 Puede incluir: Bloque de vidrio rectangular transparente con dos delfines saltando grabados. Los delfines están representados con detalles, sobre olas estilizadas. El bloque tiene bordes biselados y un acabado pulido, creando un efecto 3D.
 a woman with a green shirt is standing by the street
________________________________________
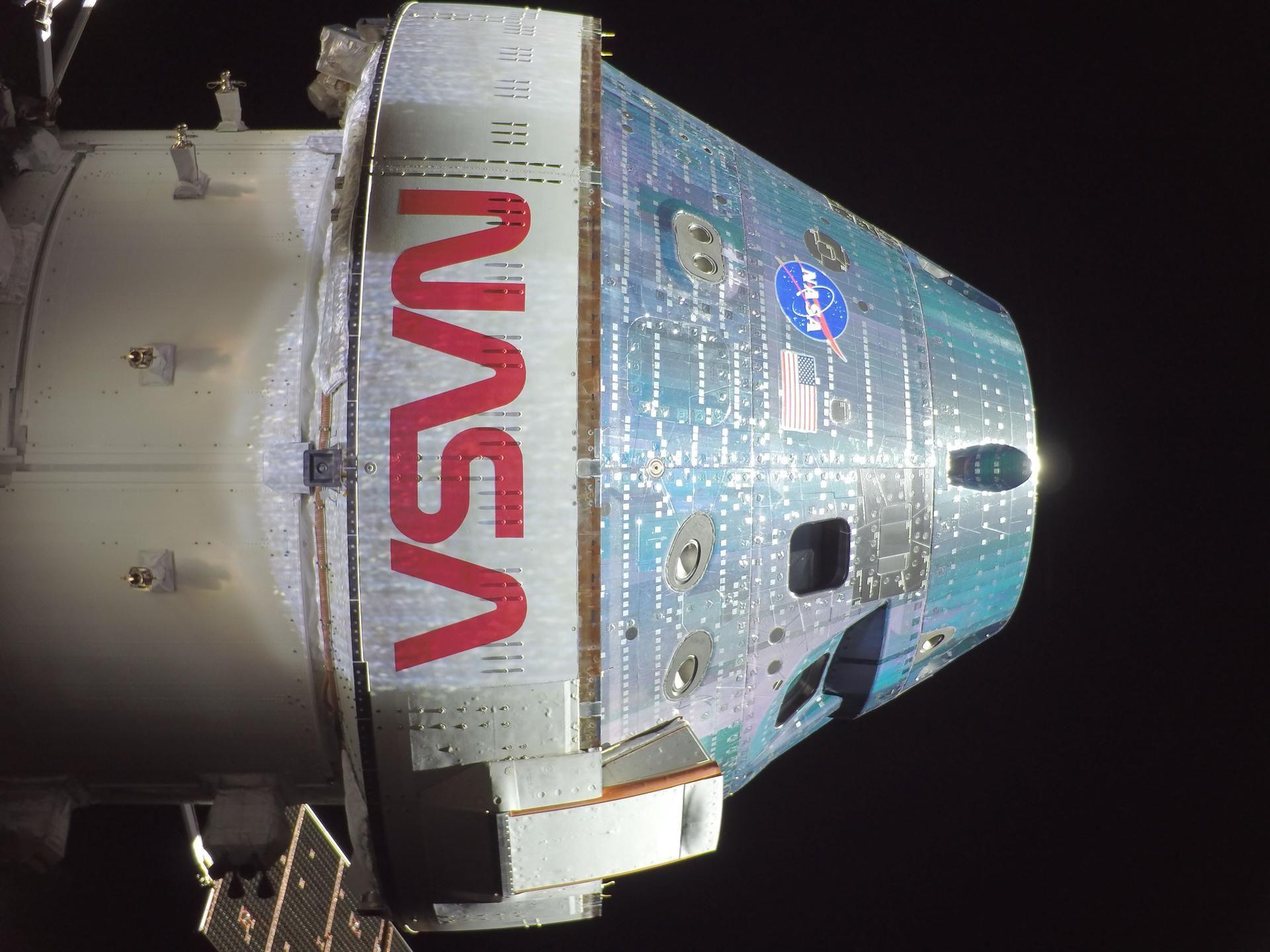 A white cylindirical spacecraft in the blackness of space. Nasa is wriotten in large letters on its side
________________________________________
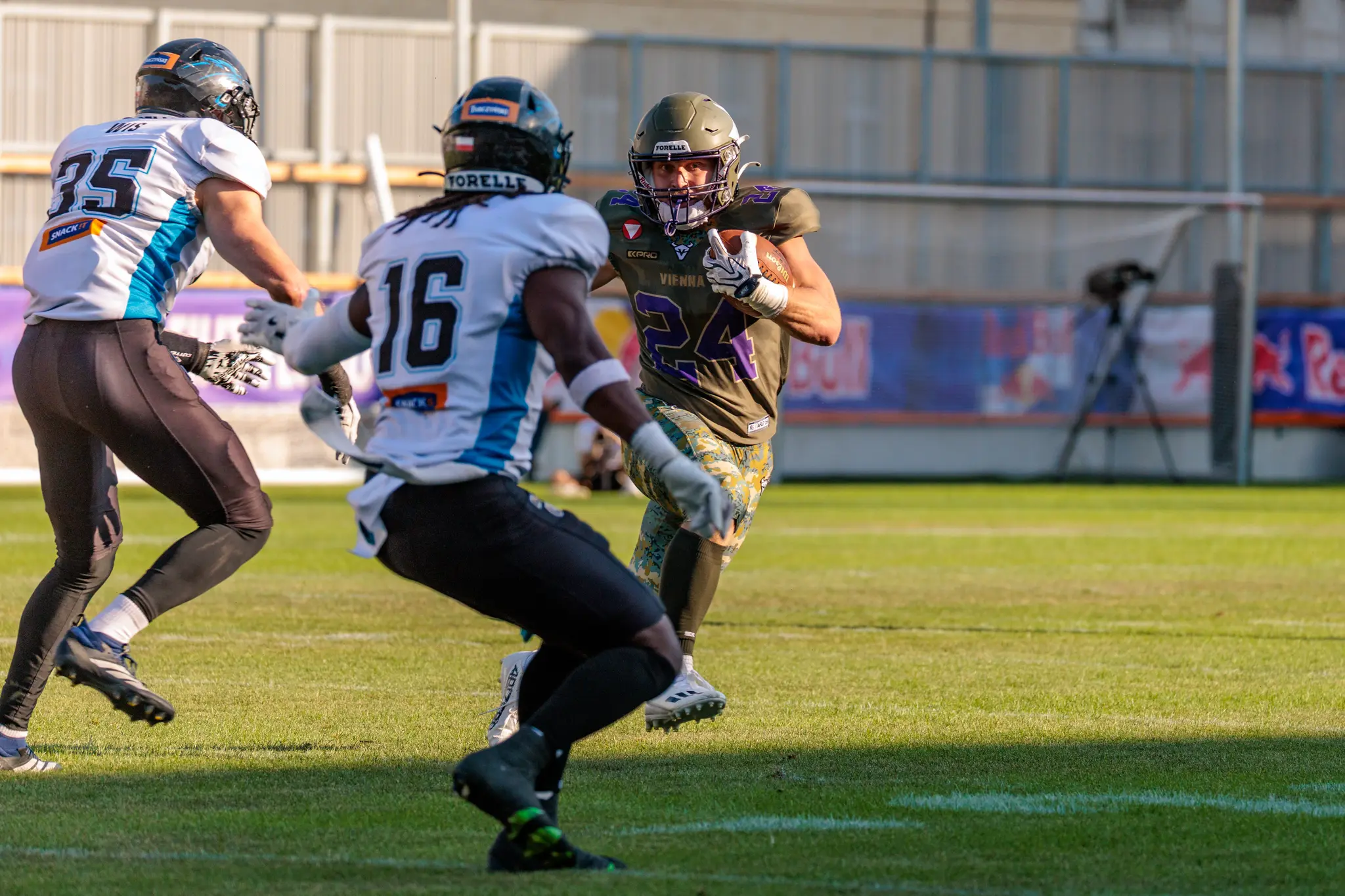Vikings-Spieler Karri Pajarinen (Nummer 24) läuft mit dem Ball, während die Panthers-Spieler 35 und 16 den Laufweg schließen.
________________________________________
» **Your assignment**
Beginning with the line above that contains "Puede incluir: Bloque", copy each line exactly up to and including the line that contains "a woman with", and go no further.

» **Answer to this problem**
 Puede incluir: Bloque de vidrio rectangular transparente con dos delfines saltando grabados. Los delfines están representados con detalles, sobre olas estilizadas. El bloque tiene bordes biselados y un acabado pulido, creando un efecto 3D.
 a woman with a green shirt is standing by the street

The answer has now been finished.